• _BRIEF_:
With both ends included, repeat exactly the lines of the entries below from the one containing "την πρωτιά (ΦΩΤΟ)" down to the one containing "修正テープのスプールローラー,長さ40m,白い色,工場直販, - Correction", and no others.

----- MATERIAL PROVIDED -----

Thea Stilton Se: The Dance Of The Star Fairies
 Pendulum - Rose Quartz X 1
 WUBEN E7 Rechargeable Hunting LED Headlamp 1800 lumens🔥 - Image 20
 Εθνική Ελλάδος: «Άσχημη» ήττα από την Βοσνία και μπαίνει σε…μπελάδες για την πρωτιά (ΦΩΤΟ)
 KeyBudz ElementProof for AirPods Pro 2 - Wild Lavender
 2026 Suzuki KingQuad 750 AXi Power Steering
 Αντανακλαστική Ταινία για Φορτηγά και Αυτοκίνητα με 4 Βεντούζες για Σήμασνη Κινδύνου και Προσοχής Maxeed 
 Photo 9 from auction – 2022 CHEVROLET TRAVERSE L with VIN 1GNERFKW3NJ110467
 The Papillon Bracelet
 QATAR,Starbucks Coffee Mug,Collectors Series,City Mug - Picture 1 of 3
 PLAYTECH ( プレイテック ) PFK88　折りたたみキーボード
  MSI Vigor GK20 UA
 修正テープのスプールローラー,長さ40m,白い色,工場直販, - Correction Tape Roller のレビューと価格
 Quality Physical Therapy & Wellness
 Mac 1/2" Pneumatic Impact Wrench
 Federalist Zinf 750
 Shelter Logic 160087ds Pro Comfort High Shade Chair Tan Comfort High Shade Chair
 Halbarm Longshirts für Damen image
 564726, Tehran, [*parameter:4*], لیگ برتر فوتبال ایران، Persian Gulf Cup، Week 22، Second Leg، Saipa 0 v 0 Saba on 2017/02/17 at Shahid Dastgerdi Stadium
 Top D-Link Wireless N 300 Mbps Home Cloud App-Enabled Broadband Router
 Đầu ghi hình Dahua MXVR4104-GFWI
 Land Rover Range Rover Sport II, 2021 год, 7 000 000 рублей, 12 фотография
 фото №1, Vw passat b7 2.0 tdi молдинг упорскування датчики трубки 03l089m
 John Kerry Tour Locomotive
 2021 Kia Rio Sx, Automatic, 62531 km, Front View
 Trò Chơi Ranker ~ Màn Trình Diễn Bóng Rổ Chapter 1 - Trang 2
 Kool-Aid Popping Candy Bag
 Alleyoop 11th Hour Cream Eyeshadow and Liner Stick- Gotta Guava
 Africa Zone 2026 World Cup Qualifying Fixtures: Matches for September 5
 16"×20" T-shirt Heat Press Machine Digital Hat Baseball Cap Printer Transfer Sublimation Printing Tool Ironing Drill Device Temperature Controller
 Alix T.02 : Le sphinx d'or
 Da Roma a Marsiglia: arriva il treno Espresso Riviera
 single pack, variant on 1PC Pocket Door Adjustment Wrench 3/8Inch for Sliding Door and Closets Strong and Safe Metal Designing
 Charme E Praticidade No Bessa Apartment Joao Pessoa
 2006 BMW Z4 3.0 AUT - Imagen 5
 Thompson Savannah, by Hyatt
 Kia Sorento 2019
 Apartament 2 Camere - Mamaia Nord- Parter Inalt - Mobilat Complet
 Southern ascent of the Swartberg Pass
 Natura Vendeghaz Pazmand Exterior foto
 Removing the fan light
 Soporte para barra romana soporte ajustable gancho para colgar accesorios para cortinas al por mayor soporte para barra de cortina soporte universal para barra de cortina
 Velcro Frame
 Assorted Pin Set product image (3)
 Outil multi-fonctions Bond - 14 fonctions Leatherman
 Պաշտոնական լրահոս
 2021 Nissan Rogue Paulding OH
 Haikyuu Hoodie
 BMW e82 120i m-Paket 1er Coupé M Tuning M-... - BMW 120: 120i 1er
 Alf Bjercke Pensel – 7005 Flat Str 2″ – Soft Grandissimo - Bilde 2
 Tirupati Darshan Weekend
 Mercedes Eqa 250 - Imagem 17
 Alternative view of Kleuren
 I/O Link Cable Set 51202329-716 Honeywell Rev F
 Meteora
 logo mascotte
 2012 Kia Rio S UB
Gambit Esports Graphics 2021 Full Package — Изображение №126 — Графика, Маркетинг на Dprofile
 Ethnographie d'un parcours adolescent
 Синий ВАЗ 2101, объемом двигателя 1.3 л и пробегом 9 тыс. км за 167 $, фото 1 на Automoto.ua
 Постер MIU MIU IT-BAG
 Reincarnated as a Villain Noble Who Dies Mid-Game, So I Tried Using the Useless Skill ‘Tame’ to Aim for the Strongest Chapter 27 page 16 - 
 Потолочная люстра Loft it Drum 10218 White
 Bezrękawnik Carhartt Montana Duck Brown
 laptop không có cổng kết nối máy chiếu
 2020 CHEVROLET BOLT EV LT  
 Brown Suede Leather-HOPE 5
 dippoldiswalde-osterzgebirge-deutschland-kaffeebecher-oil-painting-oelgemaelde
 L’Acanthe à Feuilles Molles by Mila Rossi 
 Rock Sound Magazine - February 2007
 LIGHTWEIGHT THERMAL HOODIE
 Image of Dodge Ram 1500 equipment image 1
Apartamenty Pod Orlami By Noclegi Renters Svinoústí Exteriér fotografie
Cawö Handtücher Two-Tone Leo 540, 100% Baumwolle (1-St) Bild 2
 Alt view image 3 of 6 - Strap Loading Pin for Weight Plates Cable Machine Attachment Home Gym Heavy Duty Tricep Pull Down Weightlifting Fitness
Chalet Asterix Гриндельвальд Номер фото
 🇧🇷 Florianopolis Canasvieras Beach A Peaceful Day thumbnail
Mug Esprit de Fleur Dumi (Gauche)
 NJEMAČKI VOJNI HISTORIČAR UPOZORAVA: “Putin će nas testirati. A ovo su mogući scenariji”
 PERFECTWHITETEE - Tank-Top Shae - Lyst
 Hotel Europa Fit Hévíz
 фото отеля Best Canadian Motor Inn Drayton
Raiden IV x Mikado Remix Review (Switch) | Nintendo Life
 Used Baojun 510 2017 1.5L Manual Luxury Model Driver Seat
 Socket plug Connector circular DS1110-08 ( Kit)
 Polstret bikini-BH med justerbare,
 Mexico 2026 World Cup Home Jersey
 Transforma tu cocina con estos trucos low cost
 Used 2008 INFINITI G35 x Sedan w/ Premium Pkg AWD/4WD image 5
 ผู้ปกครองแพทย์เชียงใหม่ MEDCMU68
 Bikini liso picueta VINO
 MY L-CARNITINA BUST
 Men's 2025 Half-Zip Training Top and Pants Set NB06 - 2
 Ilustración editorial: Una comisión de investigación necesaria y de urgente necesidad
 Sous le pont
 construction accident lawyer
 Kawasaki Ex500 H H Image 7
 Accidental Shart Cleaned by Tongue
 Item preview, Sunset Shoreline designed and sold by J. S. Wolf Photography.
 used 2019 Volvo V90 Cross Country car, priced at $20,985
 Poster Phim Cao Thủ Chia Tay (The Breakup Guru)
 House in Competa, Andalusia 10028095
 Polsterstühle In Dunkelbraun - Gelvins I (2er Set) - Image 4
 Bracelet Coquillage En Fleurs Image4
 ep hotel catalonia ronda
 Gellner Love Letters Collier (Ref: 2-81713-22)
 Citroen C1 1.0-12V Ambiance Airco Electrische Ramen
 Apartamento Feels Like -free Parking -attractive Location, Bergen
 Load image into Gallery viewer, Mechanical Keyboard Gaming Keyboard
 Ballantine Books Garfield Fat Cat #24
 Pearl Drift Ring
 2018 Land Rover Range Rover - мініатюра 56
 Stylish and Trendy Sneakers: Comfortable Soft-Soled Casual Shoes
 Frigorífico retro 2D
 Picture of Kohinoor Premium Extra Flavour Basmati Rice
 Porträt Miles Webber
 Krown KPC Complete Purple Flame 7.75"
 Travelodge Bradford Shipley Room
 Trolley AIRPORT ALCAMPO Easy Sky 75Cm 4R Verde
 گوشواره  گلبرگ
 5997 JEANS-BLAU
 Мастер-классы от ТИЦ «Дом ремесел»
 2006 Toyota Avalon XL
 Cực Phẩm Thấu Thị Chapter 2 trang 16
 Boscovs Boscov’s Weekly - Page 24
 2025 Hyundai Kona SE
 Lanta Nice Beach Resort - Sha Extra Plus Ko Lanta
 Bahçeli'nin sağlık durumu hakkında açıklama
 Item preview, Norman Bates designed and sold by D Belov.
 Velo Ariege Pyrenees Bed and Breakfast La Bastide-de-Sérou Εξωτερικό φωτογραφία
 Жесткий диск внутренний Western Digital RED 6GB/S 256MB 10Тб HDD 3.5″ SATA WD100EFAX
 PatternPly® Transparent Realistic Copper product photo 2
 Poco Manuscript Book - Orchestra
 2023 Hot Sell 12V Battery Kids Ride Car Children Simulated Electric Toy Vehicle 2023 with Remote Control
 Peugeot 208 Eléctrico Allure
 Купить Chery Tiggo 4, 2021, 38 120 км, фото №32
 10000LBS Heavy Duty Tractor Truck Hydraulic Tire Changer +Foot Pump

-----

• _ANSWER SPACE_:
 Εθνική Ελλάδος: «Άσχημη» ήττα από την Βοσνία και μπαίνει σε…μπελάδες για την πρωτιά (ΦΩΤΟ)
 KeyBudz ElementProof for AirPods Pro 2 - Wild Lavender
 2026 Suzuki KingQuad 750 AXi Power Steering
 Αντανακλαστική Ταινία για Φορτηγά και Αυτοκίνητα με 4 Βεντούζες για Σήμασνη Κινδύνου και Προσοχής Maxeed 
 Photo 9 from auction – 2022 CHEVROLET TRAVERSE L with VIN 1GNERFKW3NJ110467
 The Papillon Bracelet
 QATAR,Starbucks Coffee Mug,Collectors Series,City Mug - Picture 1 of 3
 PLAYTECH ( プレイテック ) PFK88　折りたたみキーボード
  MSI Vigor GK20 UA
 修正テープのスプールローラー,長さ40m,白い色,工場直販, - Correction Tape Roller のレビューと価格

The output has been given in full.